# Photoshop 6



## Dori1960 (May 19, 2011)

A friend has a copy of PS 6 she is willing to give me, is this legal? Will it run on Win 7 64?

I searched but find conflicting answers. Thanks!


----------



## Done_Fishin (Oct 10, 2006)

is the "copy" an original copy with "key" and are you able to register yourself as the owner / user ?? If the answer is "Yes" then you can use it legally 

as for win 7 if it won't run as 64 bit you should be able to install it / run it as a 32 bit application ..


----------



## Dori1960 (May 19, 2011)

I don't have it yet. I have always used freeware or bought my own software, so this is unfamiliar territory for me.
To clarify, I should be able to type me as the owner and install the key with no errors so long as it is not installed on her comp? 

Thanks!


----------



## DonaldG (Aug 23, 2007)

Strictly speaking, you never 'own' the software. When you 'buy' it, what you are in fact purchasing is a licence to use the software. The software itself remains the property of the property intellectual rights owner. EG: Adobe.

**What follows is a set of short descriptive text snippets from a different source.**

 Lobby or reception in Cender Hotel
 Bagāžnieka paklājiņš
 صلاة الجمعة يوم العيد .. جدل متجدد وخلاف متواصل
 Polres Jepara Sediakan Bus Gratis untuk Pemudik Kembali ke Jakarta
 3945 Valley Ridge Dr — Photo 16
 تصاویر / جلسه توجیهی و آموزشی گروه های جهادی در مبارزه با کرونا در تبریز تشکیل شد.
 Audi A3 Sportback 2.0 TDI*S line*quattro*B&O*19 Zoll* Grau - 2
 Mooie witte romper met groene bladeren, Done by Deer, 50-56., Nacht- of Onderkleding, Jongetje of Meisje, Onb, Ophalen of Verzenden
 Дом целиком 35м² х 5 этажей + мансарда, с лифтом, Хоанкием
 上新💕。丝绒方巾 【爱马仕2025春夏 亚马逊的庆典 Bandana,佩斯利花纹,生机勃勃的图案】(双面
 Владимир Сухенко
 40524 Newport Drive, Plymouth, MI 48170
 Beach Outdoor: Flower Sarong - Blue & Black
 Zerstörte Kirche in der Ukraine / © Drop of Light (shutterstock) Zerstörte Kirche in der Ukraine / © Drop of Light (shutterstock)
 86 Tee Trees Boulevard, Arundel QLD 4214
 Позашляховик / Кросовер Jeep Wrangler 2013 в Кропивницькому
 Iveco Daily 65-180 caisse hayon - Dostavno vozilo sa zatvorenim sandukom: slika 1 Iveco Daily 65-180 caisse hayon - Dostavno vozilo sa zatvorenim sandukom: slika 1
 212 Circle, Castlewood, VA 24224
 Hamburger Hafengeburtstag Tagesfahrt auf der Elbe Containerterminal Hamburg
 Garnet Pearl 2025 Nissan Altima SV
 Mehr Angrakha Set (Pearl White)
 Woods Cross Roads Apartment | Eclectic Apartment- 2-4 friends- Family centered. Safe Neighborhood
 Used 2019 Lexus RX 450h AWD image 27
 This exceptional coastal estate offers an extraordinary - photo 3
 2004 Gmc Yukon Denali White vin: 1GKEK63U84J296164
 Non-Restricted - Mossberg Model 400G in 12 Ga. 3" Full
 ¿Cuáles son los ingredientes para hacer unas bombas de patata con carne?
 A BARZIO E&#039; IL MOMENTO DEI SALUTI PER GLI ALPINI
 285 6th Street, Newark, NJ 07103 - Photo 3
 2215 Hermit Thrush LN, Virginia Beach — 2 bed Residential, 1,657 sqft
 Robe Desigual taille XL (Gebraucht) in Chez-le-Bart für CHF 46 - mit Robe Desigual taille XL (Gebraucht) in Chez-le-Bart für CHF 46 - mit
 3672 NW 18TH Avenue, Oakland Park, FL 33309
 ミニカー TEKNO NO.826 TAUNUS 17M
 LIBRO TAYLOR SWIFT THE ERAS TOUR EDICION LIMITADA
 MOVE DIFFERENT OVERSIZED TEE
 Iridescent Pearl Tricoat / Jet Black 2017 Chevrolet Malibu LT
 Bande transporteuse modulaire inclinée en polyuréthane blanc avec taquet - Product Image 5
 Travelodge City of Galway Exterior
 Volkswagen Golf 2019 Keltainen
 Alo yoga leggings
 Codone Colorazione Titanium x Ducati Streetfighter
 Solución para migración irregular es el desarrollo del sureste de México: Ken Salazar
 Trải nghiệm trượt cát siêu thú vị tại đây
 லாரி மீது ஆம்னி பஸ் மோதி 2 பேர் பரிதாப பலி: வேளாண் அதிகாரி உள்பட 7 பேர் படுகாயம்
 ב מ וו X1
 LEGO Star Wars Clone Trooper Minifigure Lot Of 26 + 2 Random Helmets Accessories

Again strictly speaking, the licence usually only allows for one copy to be placed on one machine and if you have several machines, you should purchase a separate licence for each machine. This is starting to change, some authors are now permitting installations on several machines as long as it is not used commercially. IE: for the family at home.


----------



## Dori1960 (May 19, 2011)

Thanks, I just wanted to make sure everything was legit, don't want to get into trouble.


----------



## DonaldG (Aug 23, 2007)

Check you PMs Dori


----------



## Dori1960 (May 19, 2011)

Done.


----------